This Monday will see the relaunch of the fossil fuel divestment campaign at Imperial. The new campaign will be called Divest Imperial, and at the official Launch Party on Monday evening campaigners are hoping to convince students that the recent successes of divestment groups such as the one based in King’s, can be replicated at Imperial.
Many universities, and other public bodies such as councils and funding bodies, have large investment portfolios consisting of stocks and shares in a wide range of companies. The portfolios usually serve as an additional revenue stream for the university, and are typically comprised of shares in a range of different companies and sectors. This often includes large amounts invested in fossil fuel companies. Divestment campaigners argue that by investing in fossil fuel companies, universities are tacitly endorsing their behaviour and business models. Imperial’s own endowment of £126.2 million is used to “deliver a material and growing source of unfettered funds for the academic mission”. Of this figure, about five million is directly invested in fossil fuel companies, with further investments in externally managed funds which may also contain fossil fuel shares. Alongside money it receives for research funding, this places Imperial third in the UK for its financial dependence on fossil fuel companies, behind Manchester and Cambridge.

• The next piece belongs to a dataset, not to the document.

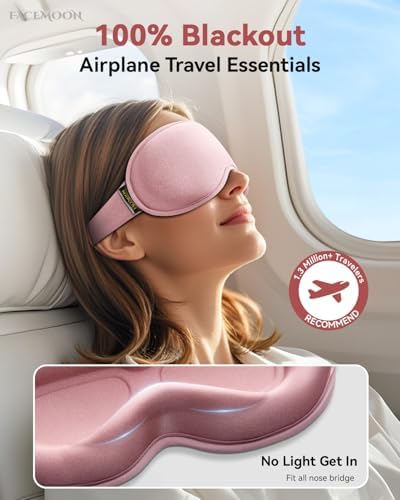 FACEMOON 3D Blackout Weighted Sleep Mask for Women, Nurse Essentials, Pink - Image 3
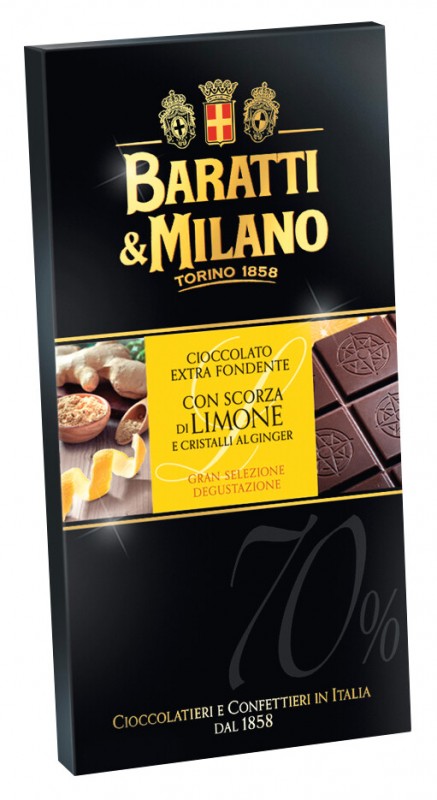 Tavoletta con Limone e Ginger, dark chocolate with lemon and ginger, Baratti e Milano - 75g - Piece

Fossil fuel divestment began in the US in 2011, and 35 US universities have committed to divest up to this point in time. Most, such as Boston University and Georgetown University, have divested from fossil fuels entirely; others including Yale, Stanford, and Columbia have begun by divesting from the most heavily polluting fuels, usually coal and tar sands.
The UK, however, is leading the movement, with 45 universities – over a quarter of all universities in the country – having announced divestment proposals following student pressure. High profile institutions such as Edinburgh, Oxford, and the LSE are among those committed to divestment, and a rising divestment tide in London looks set to engulf UCL, precipitated by the successful King’s divestment campaign.
Globally, the divestment movement is growing exponentially. Having begun with a handful of college campuses six years ago, by late 2015 some $2.6 trillion of investments had been removed from fossil fuels companies, representing around 400 institutions and huge numbers of individual investors (including Leonardo DiCaprio). Just a year and a half later, another 300 institutions have announced divestment commitments, and the total funds divested have more than doubled to $5.46 trillion. Divest Imperial campaigners hope that they can capitalise on this trend to push for divestment at Imperial.